EXERCISE PROMPT
Would you retype the listing below word for word, without any of its pictures?

= Beginning of Section =

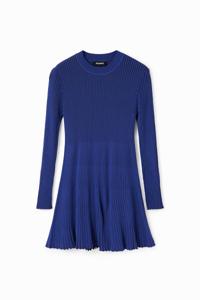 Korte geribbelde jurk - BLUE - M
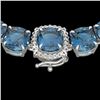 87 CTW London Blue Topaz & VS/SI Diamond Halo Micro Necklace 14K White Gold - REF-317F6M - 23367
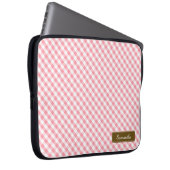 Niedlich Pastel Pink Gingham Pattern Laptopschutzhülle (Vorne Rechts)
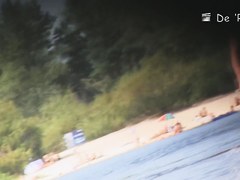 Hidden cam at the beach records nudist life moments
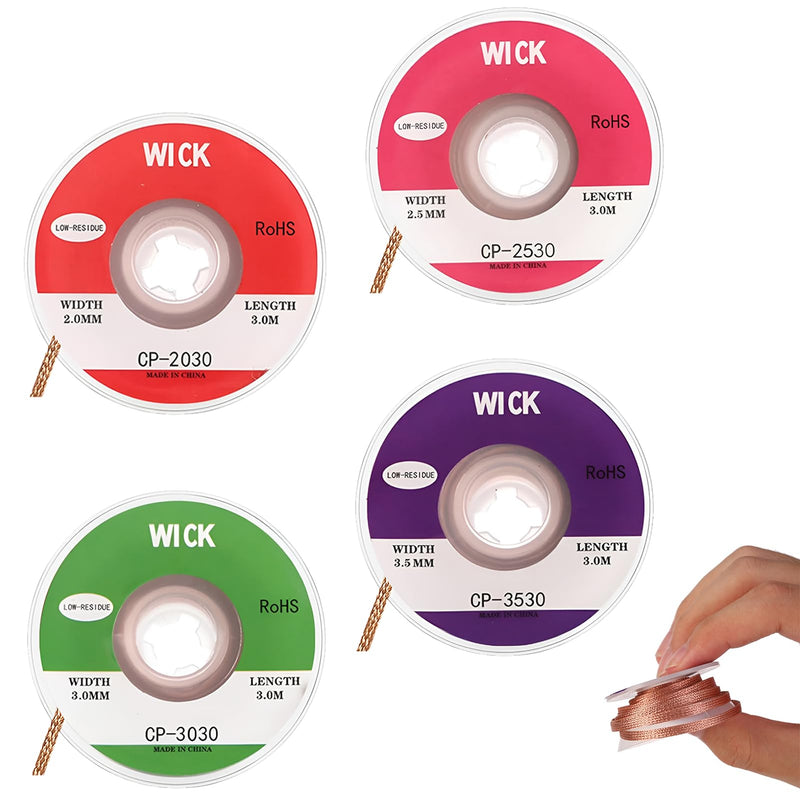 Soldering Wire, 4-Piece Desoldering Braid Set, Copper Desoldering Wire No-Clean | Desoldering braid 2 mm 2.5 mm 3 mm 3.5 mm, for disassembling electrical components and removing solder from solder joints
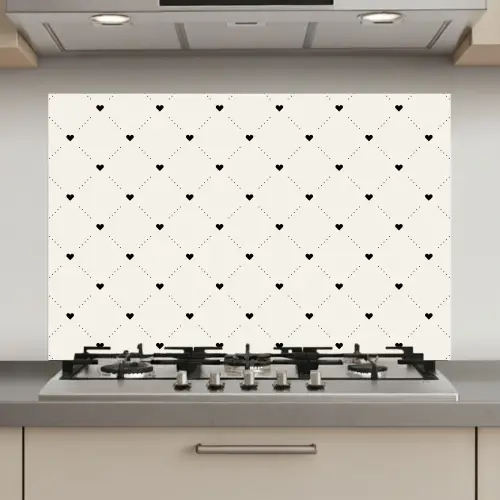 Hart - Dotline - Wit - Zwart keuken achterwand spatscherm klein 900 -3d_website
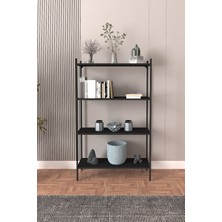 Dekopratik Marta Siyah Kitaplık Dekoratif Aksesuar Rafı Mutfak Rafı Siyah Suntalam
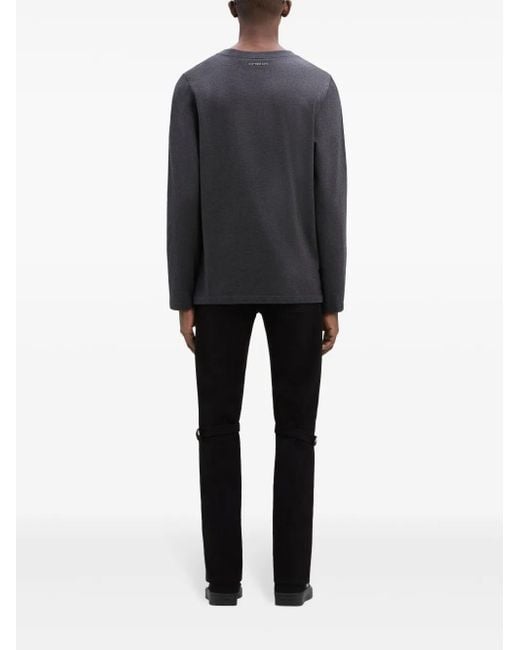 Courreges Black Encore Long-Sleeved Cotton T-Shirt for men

= End of Section =

RESPONSE TO THE TASK
 Korte geribbelde jurk - BLUE - M
 87 CTW London Blue Topaz & VS/SI Diamond Halo Micro Necklace 14K White Gold - REF-317F6M - 23367
 Niedlich Pastel Pink Gingham Pattern Laptopschutzhülle (Vorne Rechts)
 Hidden cam at the beach records nudist life moments
 Soldering Wire, 4-Piece Desoldering Braid Set, Copper Desoldering Wire No-Clean | Desoldering braid 2 mm 2.5 mm 3 mm 3.5 mm, for disassembling electrical components and removing solder from solder joints
 Hart - Dotline - Wit - Zwart keuken achterwand spatscherm klein 900 -3d_website
 Dekopratik Marta Siyah Kitaplık Dekoratif Aksesuar Rafı Mutfak Rafı Siyah Suntalam
 Courreges Black Encore Long-Sleeved Cotton T-Shirt for men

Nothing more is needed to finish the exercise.